One kid rinsed them, the other got the stainless bowl and I got the bottle of avocado oil.

We dumped the thoroughly rinsed beans into the bowl, had one kid spin the bowl while I drizzled a couple tablespoons of oil on them.

Next kid gets the spices: curry powder, chilli powder, paprika, and some powdered garlic.

A generous shake of each spice, a kid spinning the bowl, shaking the chickpeas all about, and then into the glass roasting pan and under the broiler.

Roasted Chickpeas
Roasted Chickpeas

After about ten minutes under the broiler, all the while being continuously being watched by my kids, we took them out. Gave them a hearty stir, and then back under the broiler for another ten minutes.

The kids ate them all. Every. Single. One.

So was this because they were delicious or because they were involved with making them? I don’t know but I do know that they ate some healthy food last night!!

 

Poached Eggs on Potato Pancakes

Lunch today was made by students in the Foods and Nutrition class and served to the rest of the students in the school program.

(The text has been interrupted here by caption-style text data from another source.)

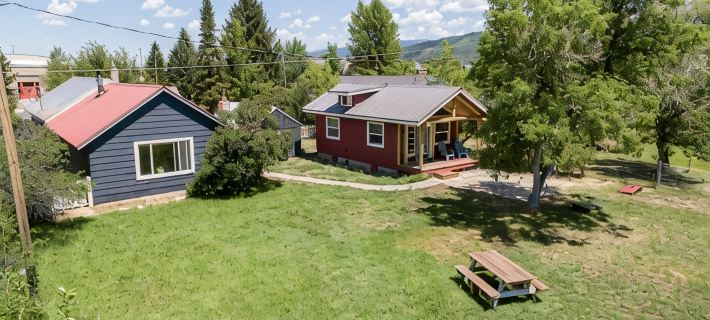Downtown Cozy Red Cabin Hotels in Victor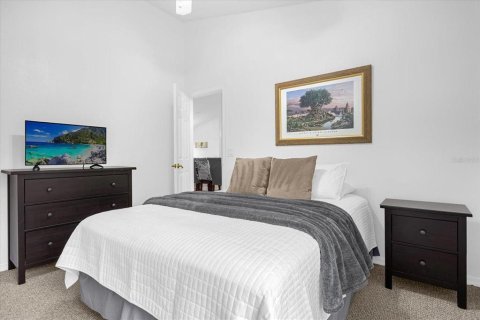 Villa ou maison à vendre à Kissimmee, Floride: 5 chambres, 198.44 m2 № 1724161 - photo 8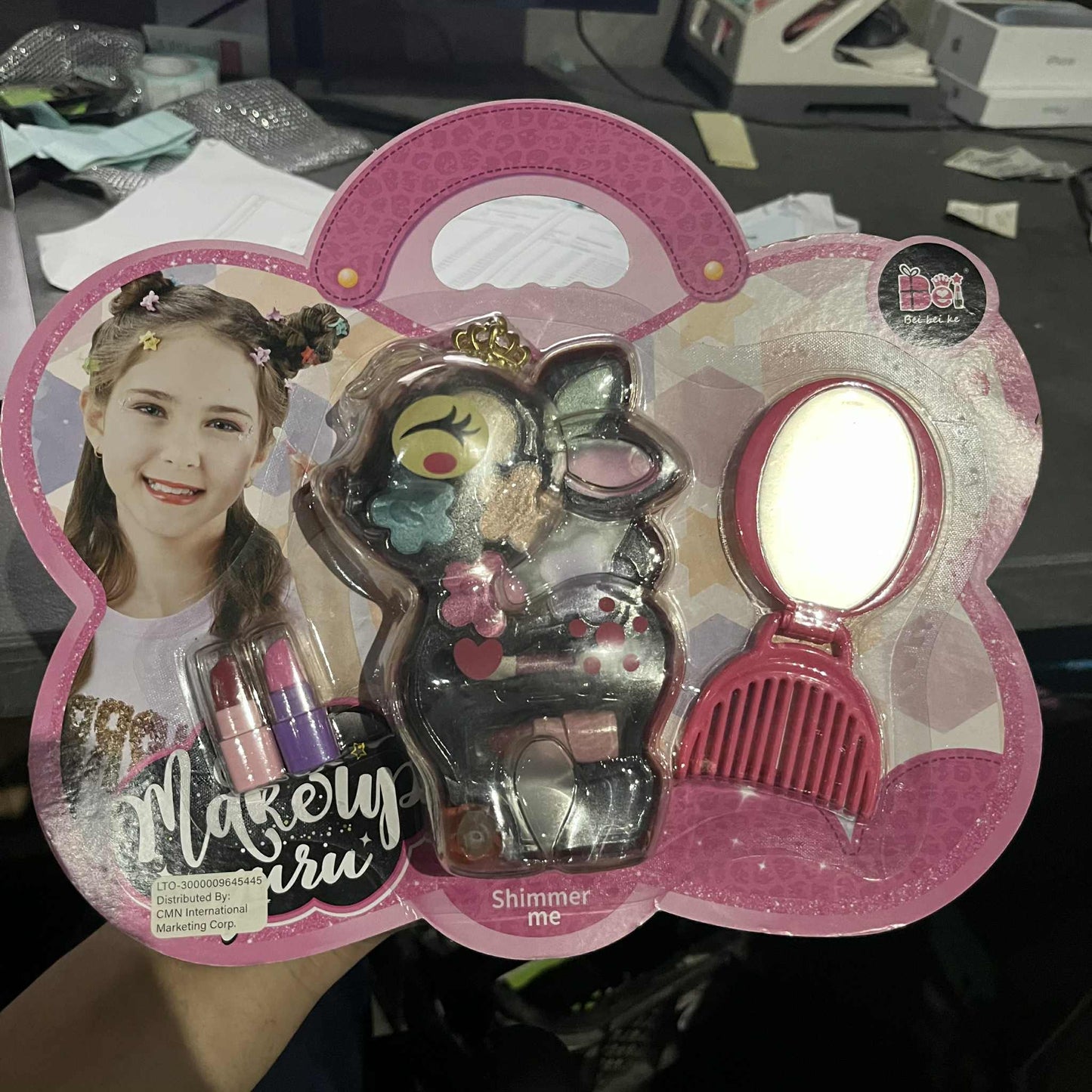 Bei bei ke Makeup Guru Shimmer Me Makeup Set (Deer) - No. X1A021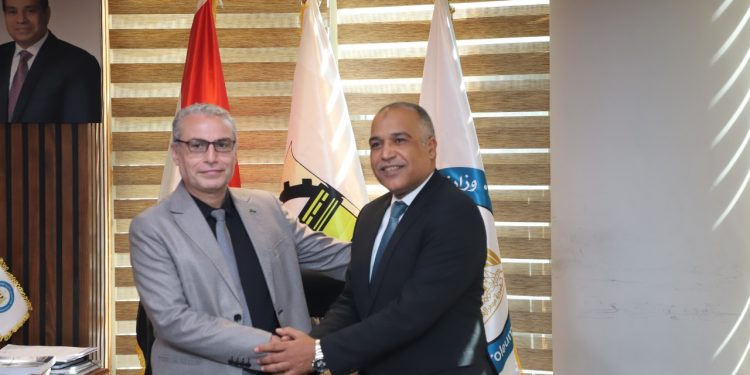 رئيس نقابة البترول يستقبل رئيس برج العرب.. تعاون مشترك وندوة توعوية لدعم حقوق العاملين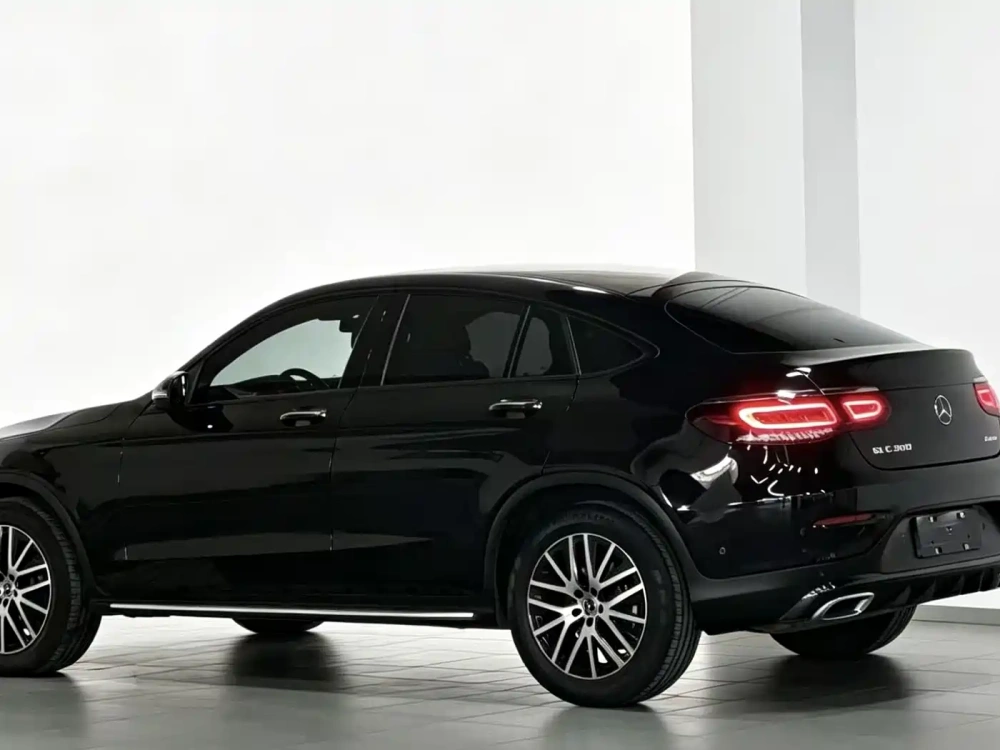 Mercedes-Benz Mercedes-Benz GLC Coupe 2021 GLC 300 4MATIC Coupe SUV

Poached Eggs and Potato Pancakes
Poached Eggs and Potato Pancakes

Two perfectly poached eggs on a couple of potato pancakes with a side of grated carrot and apple salad.

And is there anything better than 14 % sour cream? I’m telling you, I could almost eat that stuff out of an ice cream cone!!

Hasselback Potatoes

The kids have been keen to have me cook potatoes in a different ways and today they basically described Hasselback potatoes.

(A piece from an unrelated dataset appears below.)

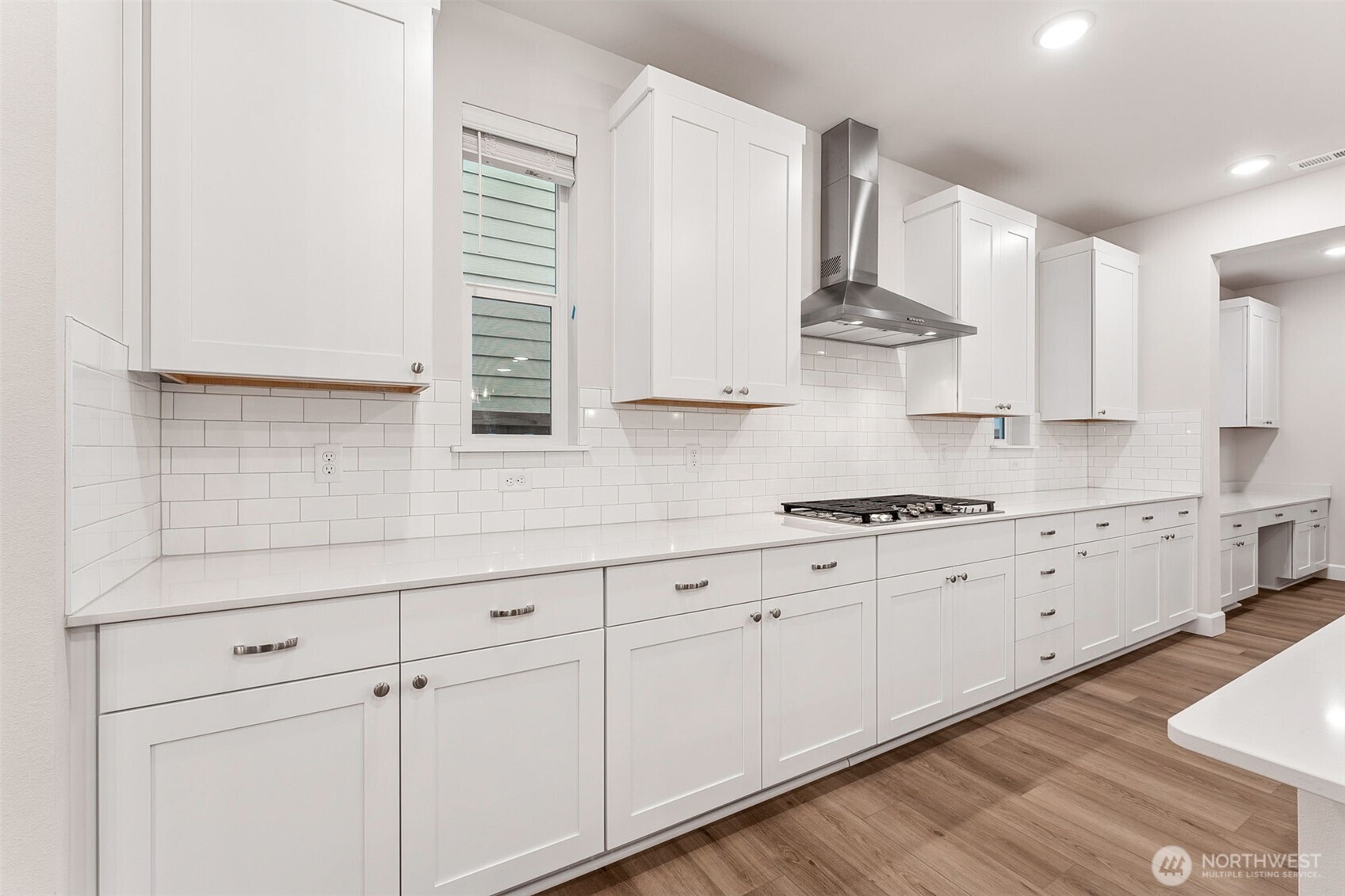 5742 Thornhill Avenue 258 Property Photo 5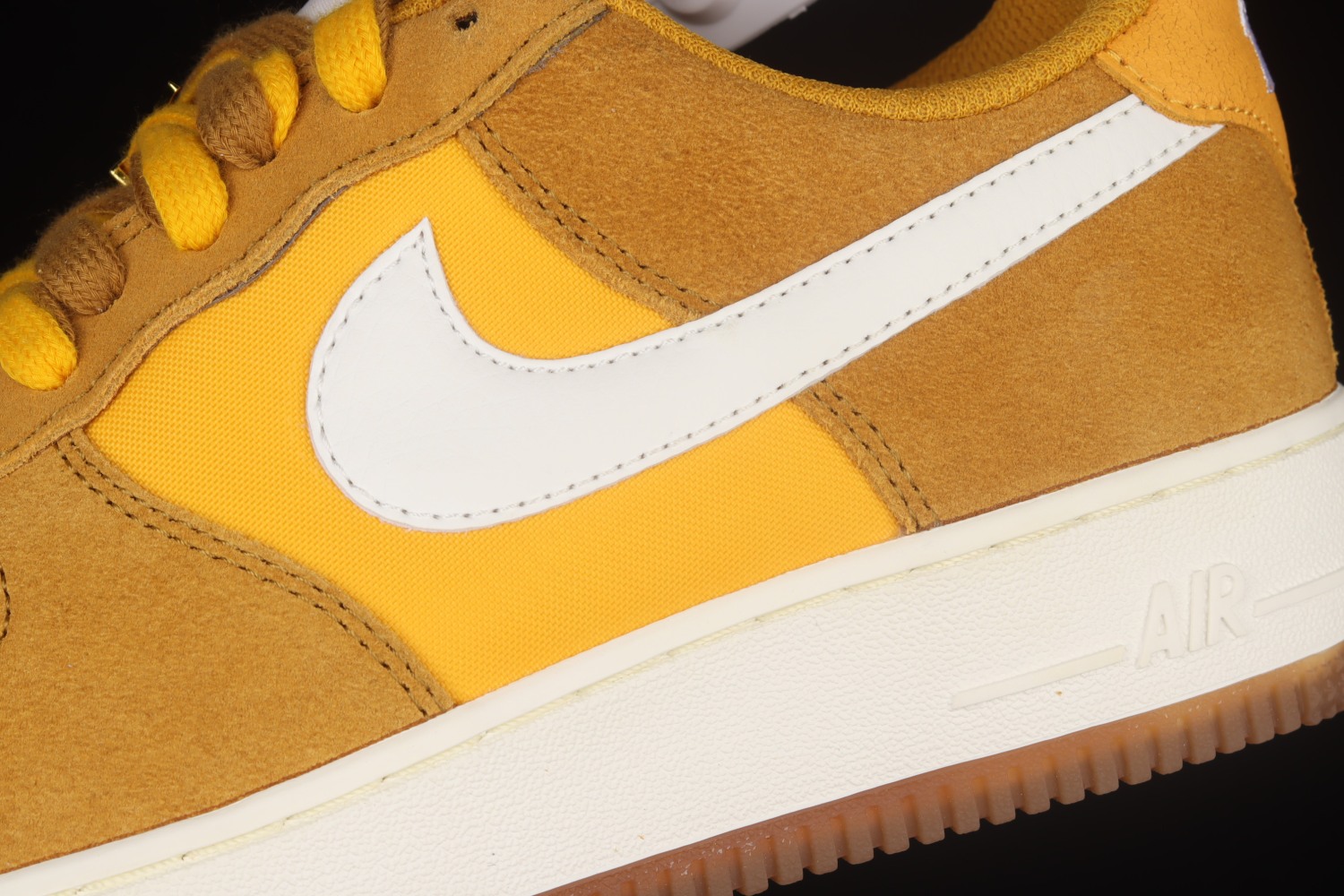 Nike Air Force 1 Low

They like to “explore” new cooking techniques and I certainly encourage them to be imaginative. So today they described a couple of new ways; one was describing something like a Hasselback potatoes while my other daughter was describing a criss-cross pattern cut into the potatoes.

Hasselback Potatoes
Hasselback Potatoes

For the Hasselback potatoes we sliced part way through (I lay wooden spoons on each side so then knife didn’t go right through the potato).

Once the potato was sliced we jammed small pieces of cheddar cheese between as many of the slices as possible.

Hasselback Potatoes
Hasselback Potatoes

We baked the potatoes in the oven at 425 degrees for about an hour. When we pulled them out they were still quite firm to the bite but the cheese had melted into the spaces between the slices and … delicious!!

Thug Kitchen 101; Swiss Chard Tomato Spaghetti

My most recent meal from the Thug Kitchen 101 cookbook was Swiss Chard Tomato Spaghetti with Balsamic-Glazed Chickpeas. And I have to admit, it was not a resounding success.

Swiss Chard-Tomato Spaghetti
Swiss Chard and Tomato Spaghetti

Perhaps my lack of success was because I used kale from the front yard garden and did not use Swiss Chard. I doubt it, but, I have to try and blame something!

The problem with the dish was that it did not have any “punch” to it. It was just “okay”.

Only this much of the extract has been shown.